The turnaround Frost has led at Central Florida is one of the quickest in college football history. After inheriting a team that finished 0-12 in 2015, Frost led the Golden Knights to a nation-leading six-win improvement in 2016. Frost became the fourth coach in Football Bowl Subdivision history to make a bowl game with a team that was winless the previous season. He is also the only coach to do so in his first year at the school.
This season, Frost led the Golden Knights to a perfect 12-0 record, the first in the history of Central Florida and the American Athletic Conference. The team was ranked No. 11 in the USA Today Coaches Poll and No. 12 in the Associated Press poll heading into the AAC title game.

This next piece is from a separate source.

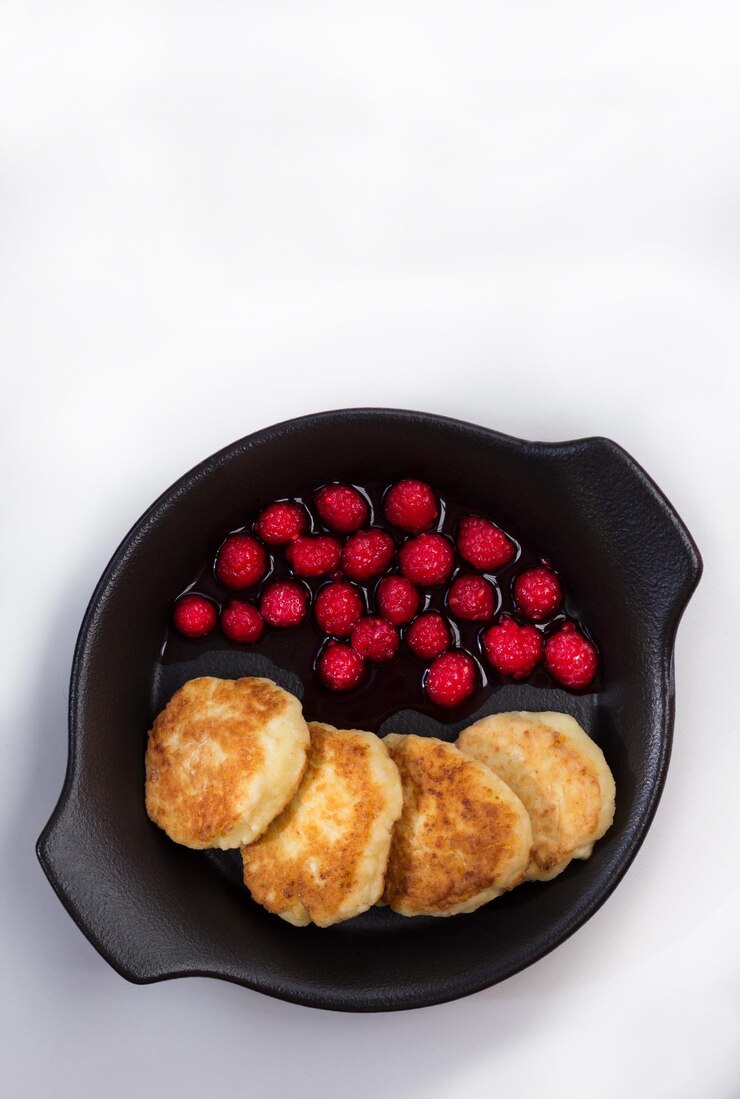 Photo top view of fried homemade syrniki with fresh raspberry on black plate on the white background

Before taking over as head coach at Central Florida, Frost spent time as an assistant at Oregon (2009-15) and Northern Iowa (2007-08) and served as a graduate assistant at Kansas State (2006) and Nebraska (2002). In his nine years as a full-time assistant coach, Frost was associated with teams that posted a 103-18 record, won six conference titles and played in two national championship games.
“The best predictor of future performance is past performance, and Scott Frost’s record speaks for itself,” Bounds said. “He’s going to be a great leader of young men and of our football program. I couldn’t be more excited to welcome Scott and his family back to Nebraska.”
Frost was equally successful as a player. He went 24-2 as Nebraska’s starting quarterback in 1996 and 1997, playing for Hall of Fame Coach Tom Osborne. Frost led the Huskers to the 1997 national championship, and was the first Nebraska player to rush and pass for 1,000 yards in the same season.
As a senior in 1997, Frost was an Academic All-American and a finalist for the Johnny Unitas Golden Arm Award. Frost went on to play six seasons in the National Football League as a defensive back.
A native of Wood River, Neb., Frost and his wife, Ashley, celebrated the birth of their son earlier this month. Frost’s father, Larry, played at Nebraska from 1967 to 1969, and was a high school football coach for more than 40 years. His mother, Carol, was an Olympic track athlete and was the head coach of the Nebraska women’s track and field team from 1977 to 1980.
Frost is the 30th official head coach in Nebraska history. He has agreed to a seven-year, $35 million contract.